Search code examples
c#asp.net-coreazure-active-directorymicrosoft-graph-apiazure-app-registration

How do I add Azure app registration App role using Dotnet Core

Hi I have to add an AppRole to an exsisting App Regestration. This is how I've added the App and assigned one role along with that:

var scopes = new[] { "https://graph.microsoft.com/.default" };
            var tenantId = "-Confidential-";
            var clientId = "-Confidential-";
            var clientSecret = "-Confidential-";


            var options = new TokenCredentialOptions
            {
                AuthorityHost = AzureAuthorityHosts.AzurePublicCloud
            };

            var clientSecretCredential = new ClientSecretCredential(tenantId, clientId, clientSecret, options);

            var graphClient = new GraphServiceClient(clientSecretCredential, scopes);

           AppRole appRole = new AppRole()
            {
                DisplayName = "External API",
                Description = "Allow the application to access External Resources",
                AllowedMemberTypes = new List<string>() { "Application" },
                Value = "Resource.External",
                IsEnabled = true,
                Id = new Guid() 
            };

            var requestBody = new Application
            {
                DisplayName = "App_One",
                AppRoles = new List<AppRole>() { appRole }
                RequiredResourceAccess = new List<RequiredResourceAccess>()
                {
                    new RequiredResourceAccess
                    {
                        ResourceAppId = "-Confidential-",
                        ResourceAccess = new List<ResourceAccess>()
                        {
                            new ResourceAccess
                            {
                                //API permission :- user_impersonation
                                Id = Guid.Parse("Confidential-ba31-4d61-89e7-Confidential"),
                                Type = "Scope"
                            }
                        }
                    }

                }
            };

            var result = await graphClient.Applications.PostAsync(requestBody);

But now I have to add another appRole to it.
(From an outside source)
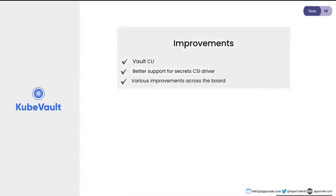KVault has a CLI, and we are looking to bring various improvements. Quite a few of these have actually already been worked on and should be out fairly soon.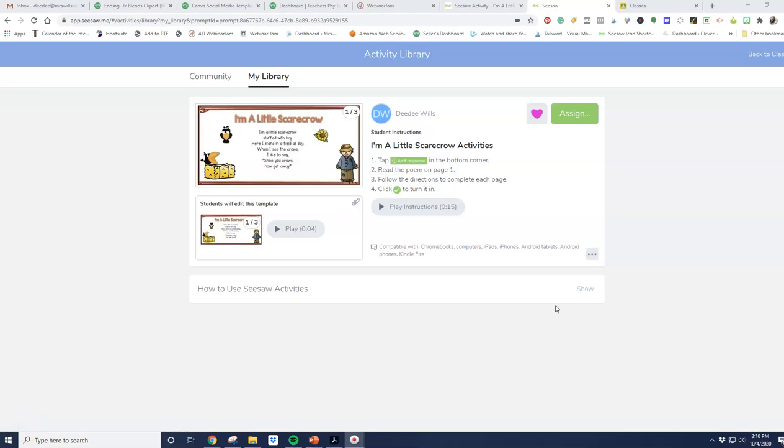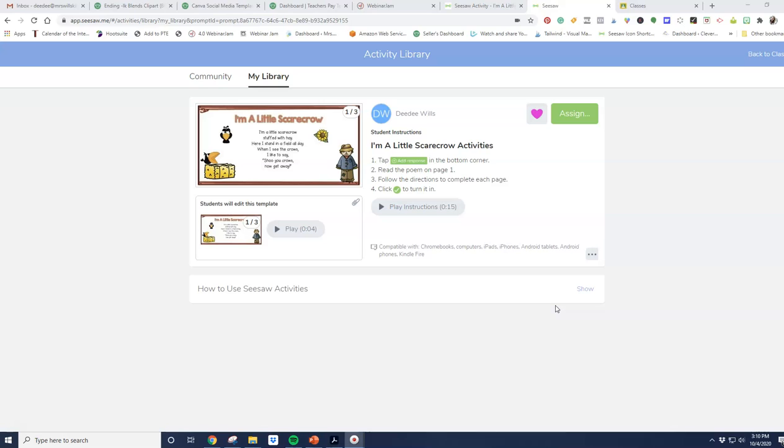I want to show you one more thing that I think you're going to find really helpful. One of the things that Seesaw has done is they've created an update that allows you to assign Seesaw activities in Google Classroom. You can also work in Canva. I believe it works with any other platform that you can insert a link to.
I have tried using the same App Name and the same PostAsync method to update but ended up creating a new App in App Registrations.

Please can anyone help how can I add the role through my code.

Solution

  • Documentation: https://learn.microsoft.com/en-us/graph/api/application-update?view=graph-rest-1.0&tabs=csharp#example

    Example from docs:

    // Code snippets are only available for the latest version. Current version is 5.x

var graphClient = new GraphServiceClient(requestAdapter);

var requestBody = new Application
{
    DisplayName = "New display name",
};
var result = await graphClient.Applications["{application-id}"].PatchAsync(requestBody);

    Basically you run a PATCH request against the existing application object. You will need the created Application's object ID (Id in the SDK).